De nombreux amateurs ou les professionnels de viande se
plaignent de " l'accumulation des perturbations subies par l'animal depuis le
départ de la ferme jusqu'au lieu d'abattage, qui est directement
responsable de la diminution des réserves de glycogène, et
partant, comme nous allons le voir, de l'altération de la qualité
de la viande.
Ces réserves sont épuisées par:
- les dépenses physiques supplémentaires
liées au regroupement des animaux, au chargement dans les camions, aux
diverses étapes des circuits de collecte, à l'attente en
bouverie.
- les perturbations émotionnelles (peur, douleur...)
qui s'accompagnent de la sécrétion d'hormones (adrénaline,
cortisone ...) et contribuent à mobiliser les réserves de
glycogène.
- la diète pendant le transport et l'attente en bouverie
obligent les muscles à faire appel aux réserves de
glycogène pour couvrir les dépenses
énergétiques.
En pratique la fréquence des carcasses à pH
élevé s'accroît lorsque:
- La sortie des animaux des cases est difficile.

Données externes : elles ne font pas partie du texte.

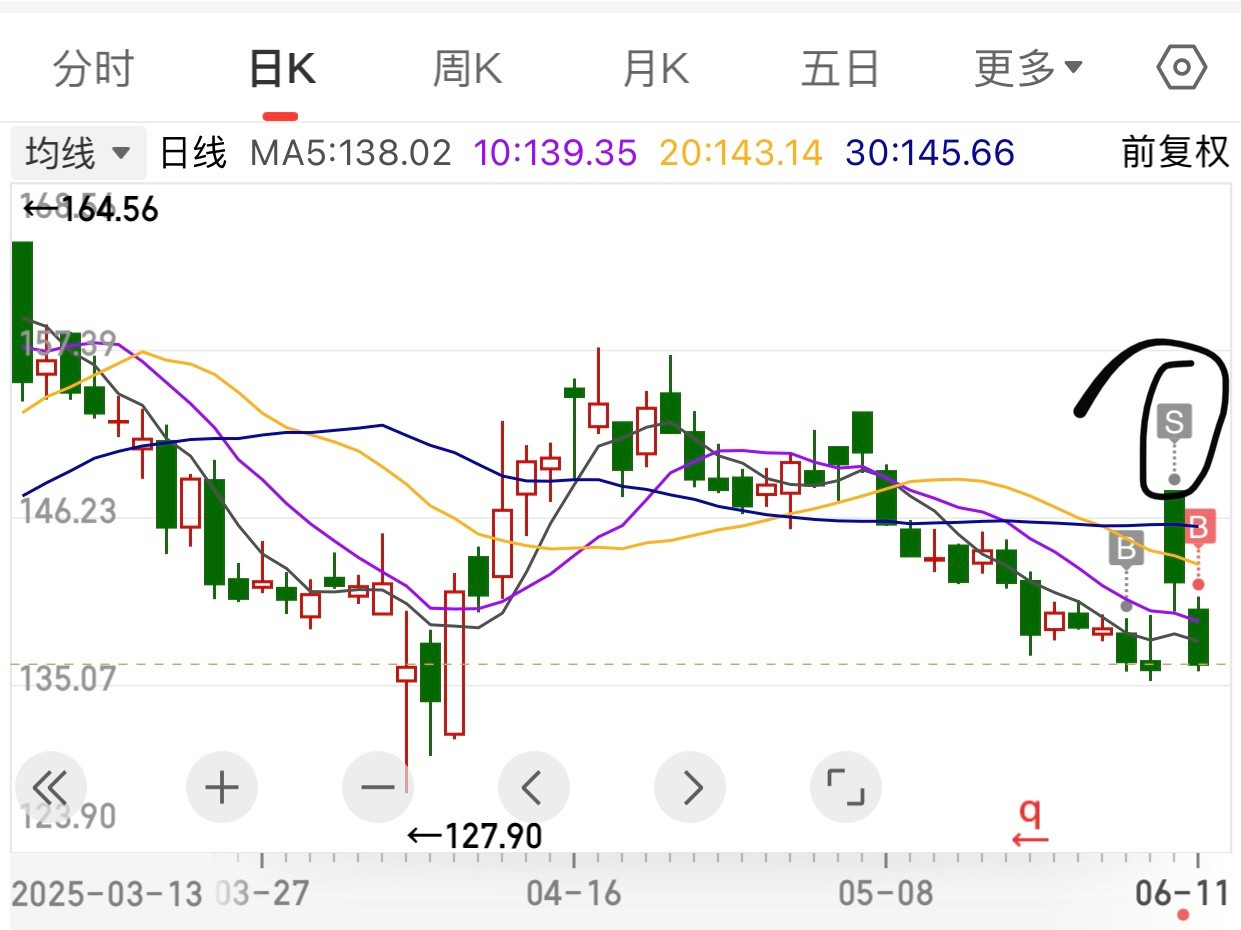 昨天高开有大缺口，如果不跑，是不是得气晕。高开赚钱，卖出走人。今天补缺口买回，香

- Les bovins provenant de différentes cases
d'engraissement ont été mélangés (c'est l'un des
facteurs de risque les plus importants).
- Les manipulations sont brutales et contribuent à agiter
les animaux.
- le chargement est long du fait du refus des animaux.
- Les animaux s'agitent et s'agressent dans le camion s'ils ne
sont pas séparés par lot.
- Le transport est long. (Dans les conditions actuelles, car,
il y un siècle, les boeufs normand, limousins ou nivernais parcouraient
entre 200 et 400 km jusqu'à leur lieu d'abattage, mais ils le faisaient
à pied et lentement, ce qui donnait fermeté et goût
à la viande).
- Les étapes intermédiaires (marchés,
centres de tri, etc.) ont accru la durée du circuit et l'agitation des
animaux.
- Les animaux s'agitent et s'agressent à l'abattoir :
attente dans le camion, dans des cases collectives ou dans des couloirs des
logettes,
- l'attente en bouverie est longue.
Ce phénomène du " pH élevé " est
le témoin d'une insuffisance d'acidité. L'acidité joue un
rôle primordial. Après l'abattage, les muscles " survivent"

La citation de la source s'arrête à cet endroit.